Home / Features / Run any model / Self-host LLMs

Self-host LLMs in osFoundry — open weights, no vendor lock-in

osFoundry self-hosts any open-weight LLM (Llama, Qwen, Mistral, Mixtral, DeepSeek, Phi, GPT-OSS) with full control over weights, runtime, and routing. Run on your local hardware, on a dedicated GPU endpoint in osFoundry cloud, or on your own infrastructure. The model is registered in your workspace catalog and routable from Maestro the moment it’s loaded.

Quick answer

Self-host any of the 76K open-weight models indexed in the catalog.
Three runtimes: local hardware, osFoundry cloud GPU endpoint, your own GPU server.
Model is workspace-routable the moment it loads.
Full data control — weights and prompts never leave your scope.

Key capabilities

76K open-weight models indexed and installable in one click.
Built-in inference server (no Ollama, no manual llama.cpp setup).
Quantisation at install: pick Q4 for cheap, FP16 for full precision.
Hot-swap LoRA adapters on a base model — many specialised variants on one GPU.
Workspace-wide routing — same model handle, three possible backends.

How to do it in osFoundry

Browse and pick a model — Open /community/models, filter to open-weight, pick the size that fits your target hardware.
Choose where to host — Local (free, your hardware), osFoundry cloud GPU endpoint (per-second billing), or your own GPU server (free; you manage infra).
Install — One click. The platform pulls the weights, applies the quantisation you picked, loads into the inference server.
Use it — The model is now a routable handle in Maestro and every Room App. Switch to it per request or via osStudio routing rules.

How osFoundry compares

Capability	osFoundry	Most other tools
Setup time	Minutes — one-click install.	Hours of llama.cpp / vLLM / Triton setup.
Hardware	Local, our cloud, or yours — interchangeable.	Pick one venue, commit.
Routing post-install	Automatic — model is a workspace handle.	Manual API wiring in your code.
Quantisation	Pick at install; switch later.	Convert weights manually with separate tooling.

Use cases

Privacy-sensitive industry: Healthcare / legal / finance team self-hosts Llama 3.1 70B on an internal A100 — prompts and outputs never leave the org perimeter.
High-volume SaaS: Run Mixtral 8x22B on a reserved H100 for 80% of traffic; burst to a cloud API for the hard 20%. Per-token cost drops by 60%.
Researcher: Test 12 candidate base models locally before picking one for fine-tuning. Free, fast iteration without hosted API bills.

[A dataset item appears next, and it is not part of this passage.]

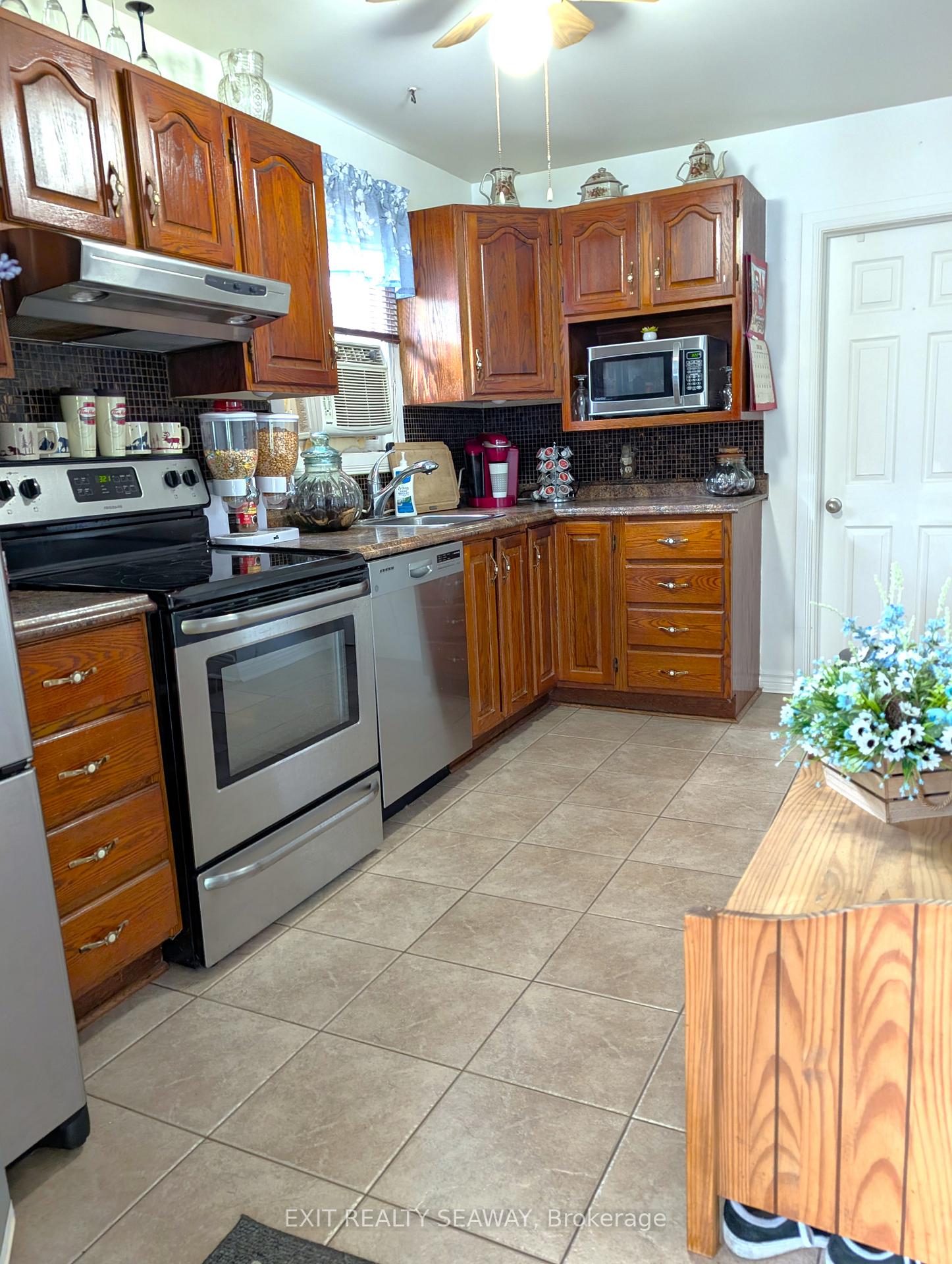 Photo 2 of 710 Killarney Avenue, Cornwall — HOMEH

Frequently asked questions

What models can I self-host on osFoundry?

Any of the 76K open-weight models indexed at /community/models — Llama, Qwen, Mistral, Mixtral, DeepSeek, Phi, GPT-OSS, and more.

Do I need to fine-tune to self-host?

No. Self-hosting just means running the base model under your control. Fine-tuning is optional (LoRA flow available).

Is self-hosting cheaper than BYOK to a hosted API?

For high volume, yes. A reserved A100 amortises across millions of tokens at a lower per-token cost than hosted pricing.

Can I bring my own quantised weights?

Yes — upload a .safetensors or .gguf file and osFoundry registers it as a custom model.

What licences apply when I self-host?

The base model’s licence. Each model page in the catalog has a licence explainer (commercial-use / restricted / research-only).

Can the same model be hosted in two places at once?

Yes — same model handle can have a local backend and a cloud-endpoint backend simultaneously. Routing rules decide which runs each request.

Pricing

Local self-hosting: free (your hardware, your electricity). osFoundry cloud GPU endpoint: per-second of GPU time at A10 / A100 / H100 rates. Your own GPU server: free to osFoundry; pay your infra provider.